Es ist, mitten im Frühsommer, der Herbst der Sozialdemokratie. Die Kommentare in den Zeitungen fallen schon lange auf die SPD wie welkes Laub. Die Meinungsumfragen riechen nach Abschied. Andrea Nahlesverabschiedet sich auch. Die Partei- und Fraktionsvorsitzende hat den Kampf um ihre Wiederwahl aufgegeben. Sie tritt als Partei- und Fraktionsvorsitzende zurück. Sie war der beziehungsweise die fünfzehnte Vorsitzende seit Willy Brandt, wenn man die drei kommissarischen Parteichefs mitzählt. Der Verschleiß zeigt, dass der Vorsitzenden-Wechsel nicht die Lösung ist. Es ist aber auch keine Lösung, einfach nicht zu wechseln, es einfach bei dem oder der Alten zu lassen. Vor uns liegt eine Woche, in der die Sozialdemokratie zeigen muss, welche Kraft, welche Kräfte sie noch aktivieren kann.  Womöglich geht es  um Sein oder Nichtsein.

Mit Dreyer und Schwesig?

Noch ist die SPD ist nicht verloren;  aber sie kann verloren sein, wenn sie jetzt nicht alles aufbietet, was sie hat – zum Beispiel Malu Dreyer, zum Beispiel Manuela Schwesig, die beiden Ministerpräsidentinne; zum Beispiel Matthias Miersch, den 50jährigen Parteilinken, zuständig für Natur und Umwelt; er ist ein 68er – Geburtsjahrgang! Die Auswahl ist nicht mehr sehr groß. Und wem aus diesem Kreis traut  man das Unmögliche zu? Wer kann eine „mission impossible“ bewältigen? Das ist die Frage der nächsten Wochen.

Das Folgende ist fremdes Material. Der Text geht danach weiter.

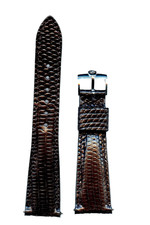 RETRO LIZARD GF STRAP 806 809 22mm LEATHER LINED & NOS VINTAGE BREITLING BUCKLE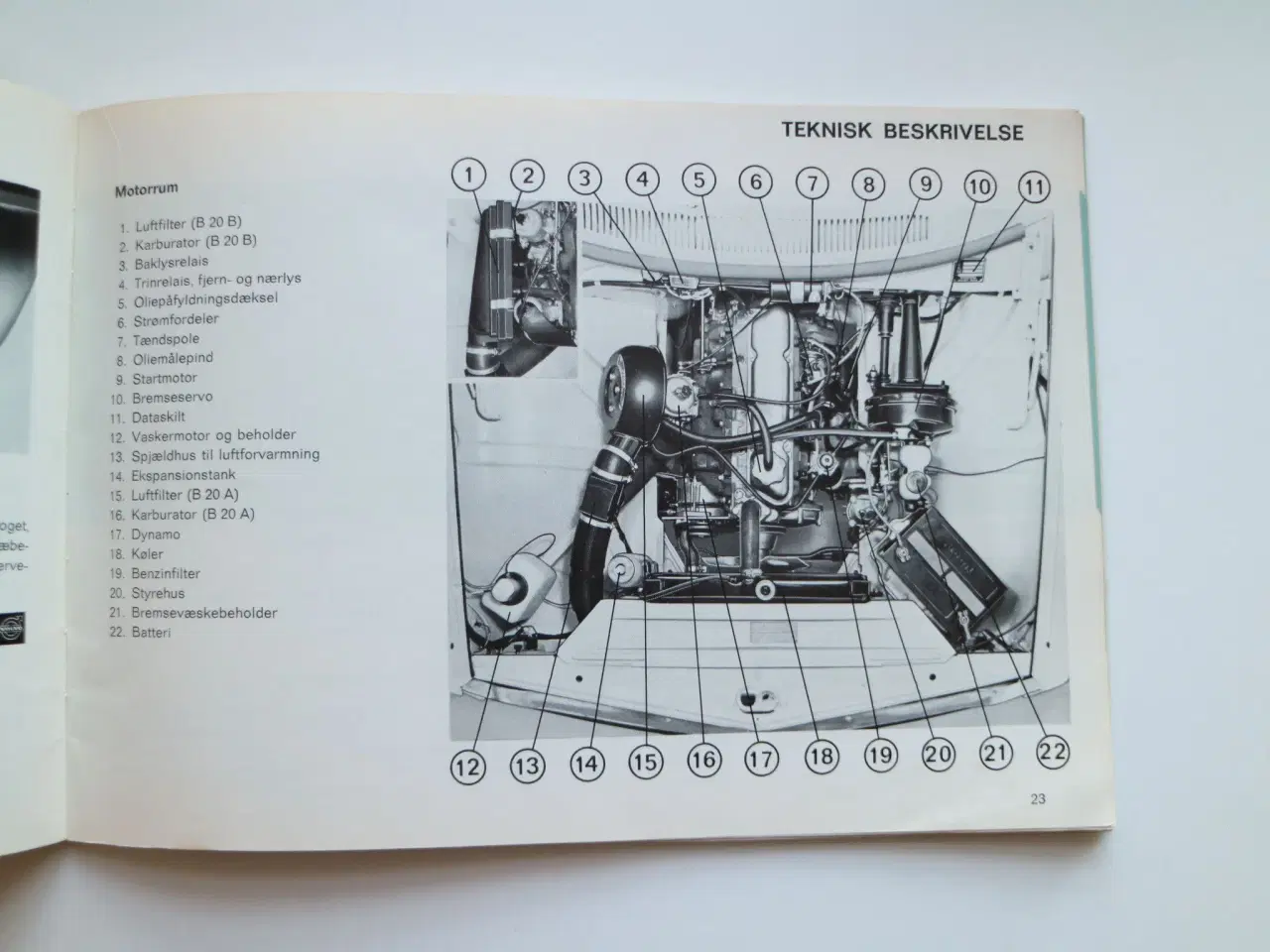 Billede 6 - Instruktionsbog 1968 - Volvo 140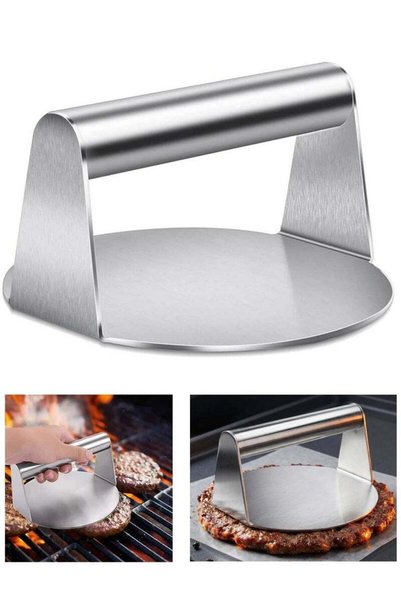 Generic Brand XICEN Stainless Steel Burger Press, 5.5 Inch Round Steak Patty ...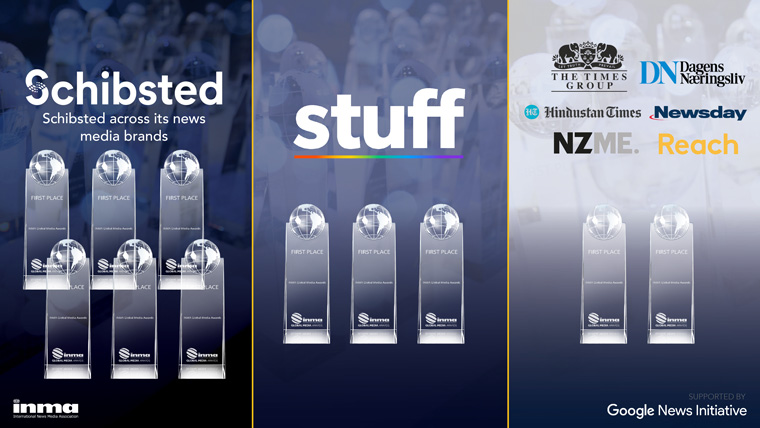 Eight companies won multiple first-place awards in this year's competition.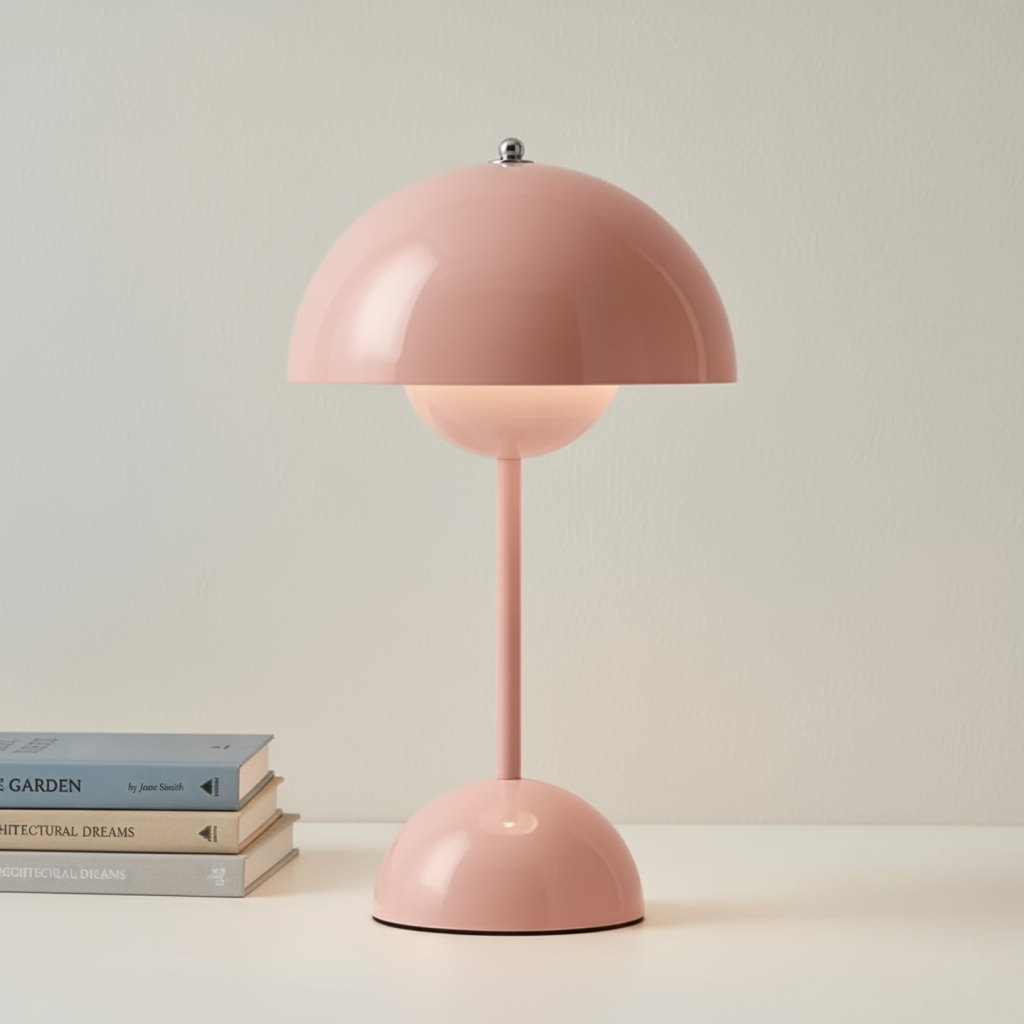 VierraSol | Lámpara de Mesa Escandinava NordicNest | Regulable, Moderna y de Noche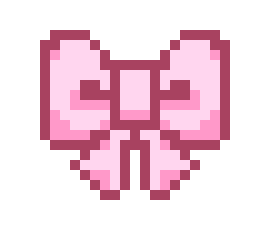 [37887b] Preppy Bow🩷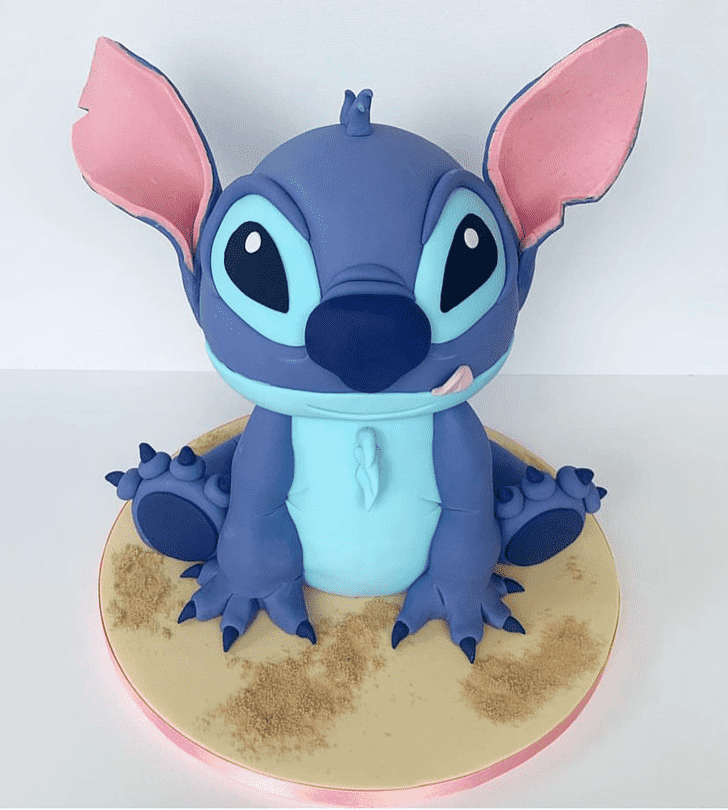 Alluring Stitch Cake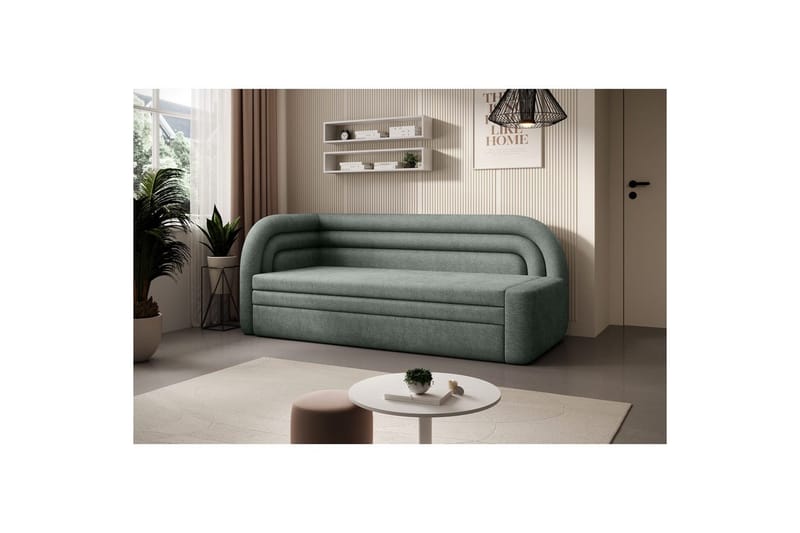 Soffa Eltap Fabillo 223x86x80 cm - Touch 100, Grön, Vänster - Möbler - Soffa - Bäddsoffa - 4 sits bäddsoffa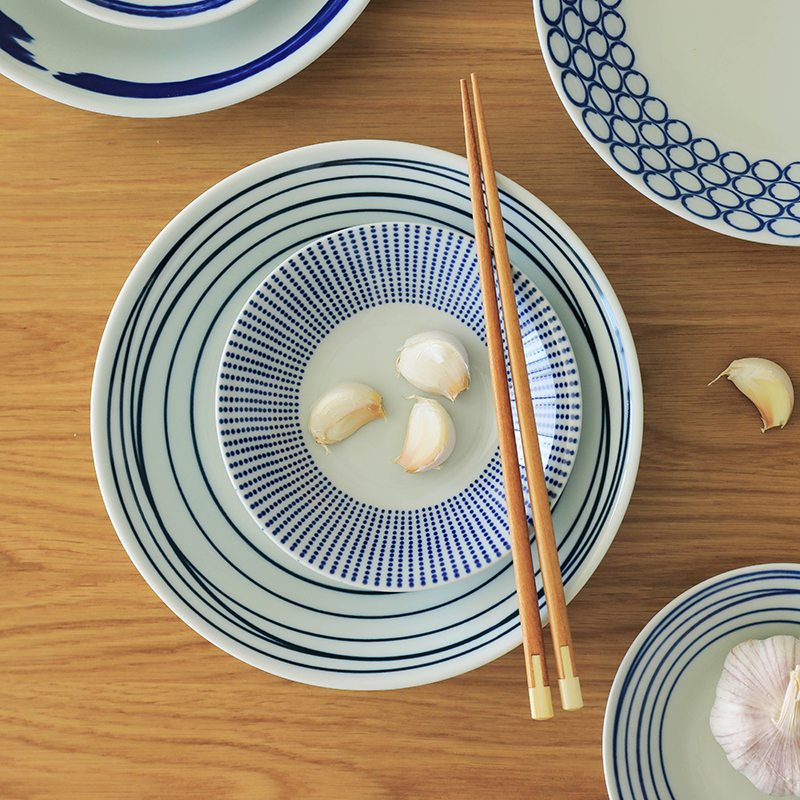 肆月日式风度创意餐具陶瓷装菜盘子菜盘家用2022新款高级感釉下彩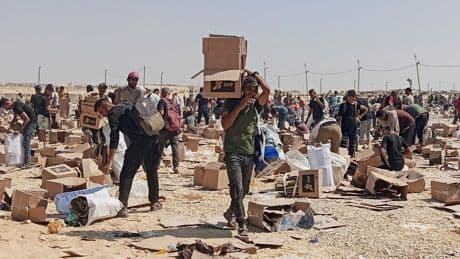 Krieg gegen Gaza: Erstickt und zertrampelt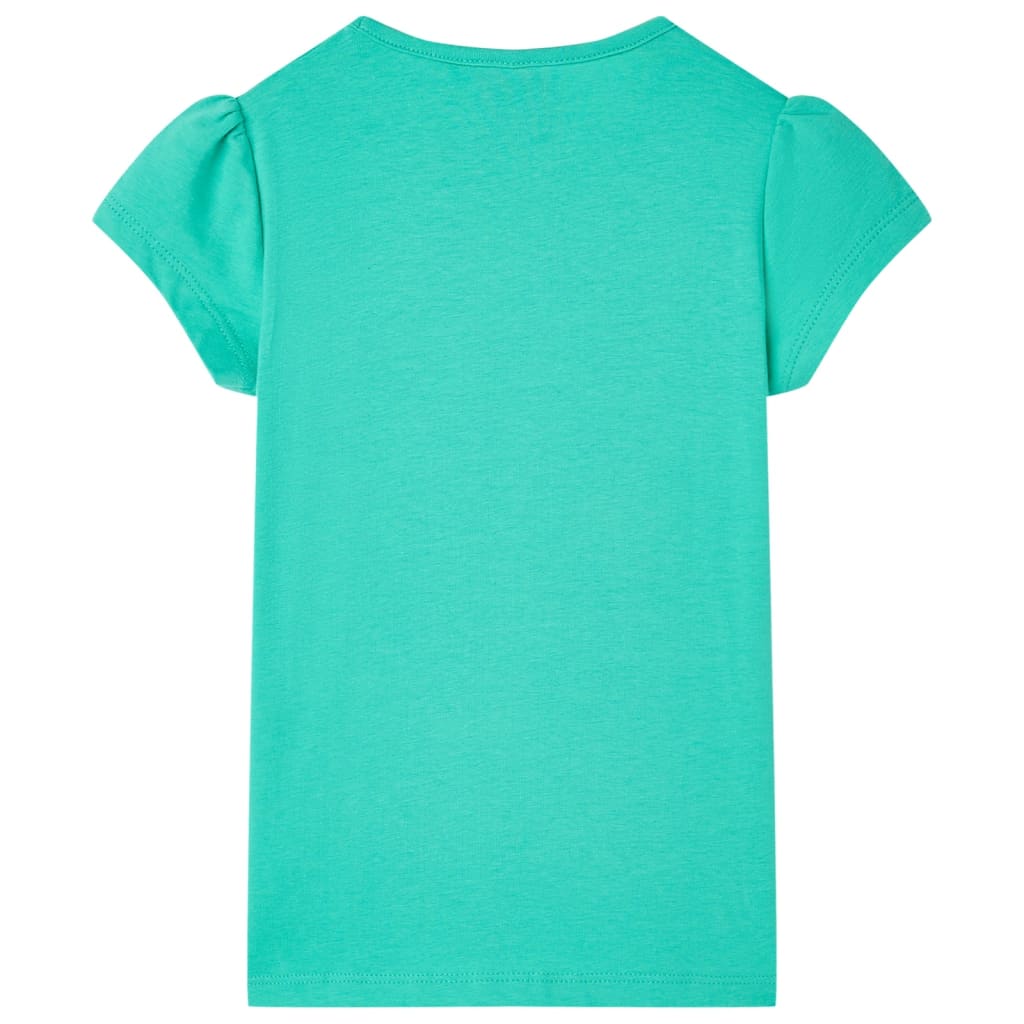 vidaXL Kindershirt 92 mintkleurig afbeelding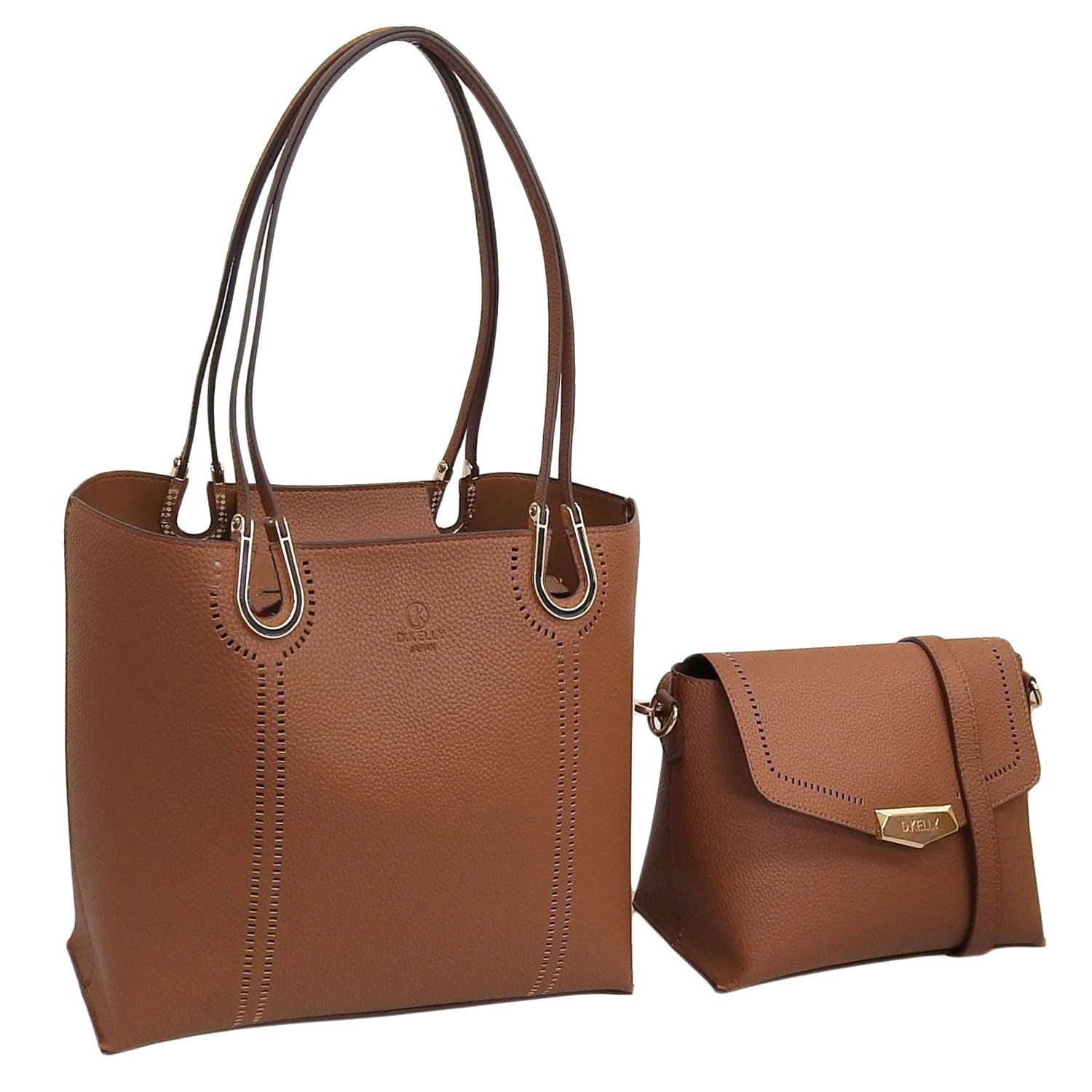 

Tote Shoulder Work A4 Compatible [Rinre] Women s Bag, Bag, Bag, Set, Commuting, Bag, Simple, Black, BL-947, D.KELLY, (bl-947 Camel/Brown)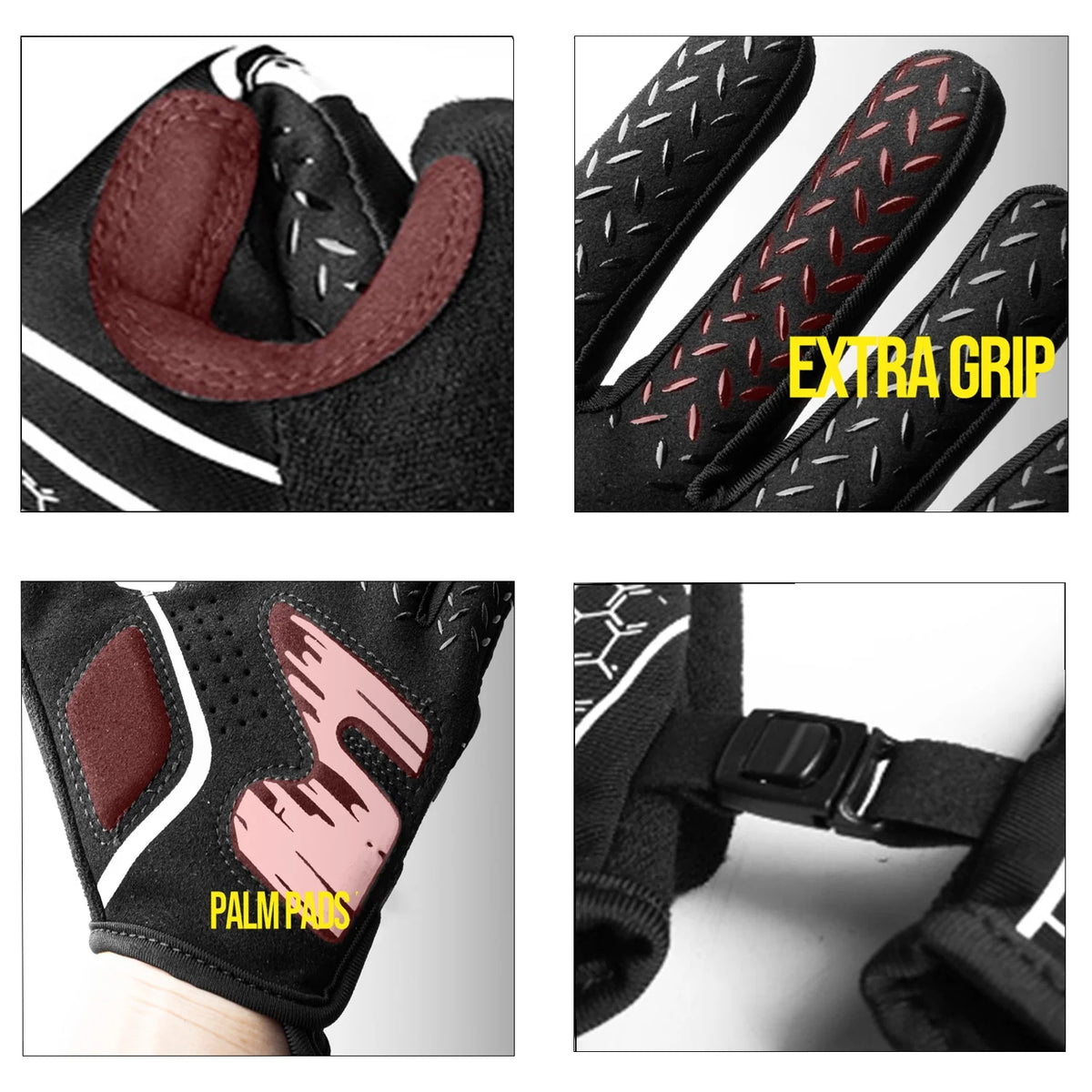 JASCOPRO Baseball Batting Gloves for Youth, L Size, 1 Pair, Black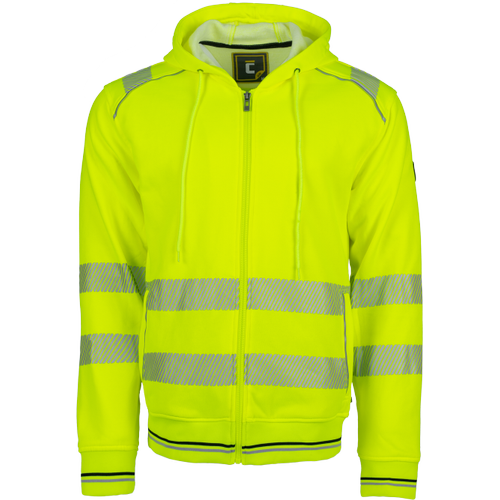 Pracovní reflexní mikina SHELDON HV - žlutá / hv žlutá,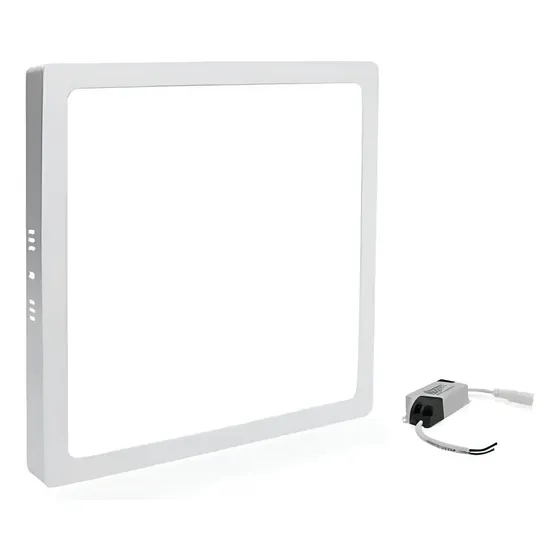 Kit 10 Plafon Sobrepor Quadrado Led 25w Painel Bivolt 30x30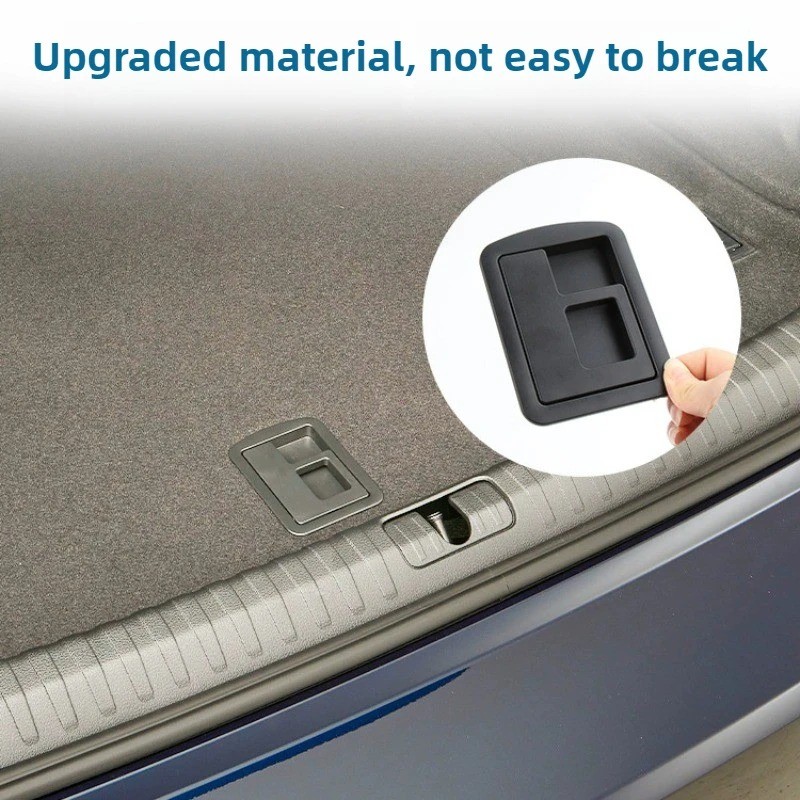 1pcs รถ Trunk Liner ฝาครอบ Cargo Handle Bezel สําหรับ Audi 2013-2025 A3 A4 B7 B8 Avant A5 8T A6 C7 A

Die Art und Weise, wie seit einiger Zeit über die Schwächen, Fehler und Gebrechen der SPD geschrieben und geredet wird, erinnert einen an den Sommer und Herbst 2008. Damals wurde freilich nicht über die SPD so geredet, sondern über die CSU. Und es war dann auch tatsächlich so, dass die CSU bei der Landtagswahl in Bayern eine krachende Niederlage erlitt. Die Partei des damaligen bayerischen Ministerpräsidenten verlor 17,3 Prozentpunkte, sie verlor die absolute Mehrheit der Landtagsmandate, die sie seit 1992 gehalten hatte, sie verlor ihren Ruf der Unbesiegbarkeit. Verglichen mit der morbiden Stimmung von damals ist die CSU heute, elf Jahre später, wieder einigermaßen gut beieinander – obwohl die Zeit der alten Herrlichkeit endgültig vorbei ist. Daraus könnte sich der Rat an die SPD ergeben, dass man, um es auf gut bayrisch zu sagen, dieLätschn, also das Gesicht, nicht verziehen darf. Das  mag der Wähler nicht. Aber das Niveau, auf dem sich die SPD in Wahlen und Umfragen mittlerweile bewegt, ist ja jämmerlich, dass das schwer fällt, vielleicht unmöglich ist.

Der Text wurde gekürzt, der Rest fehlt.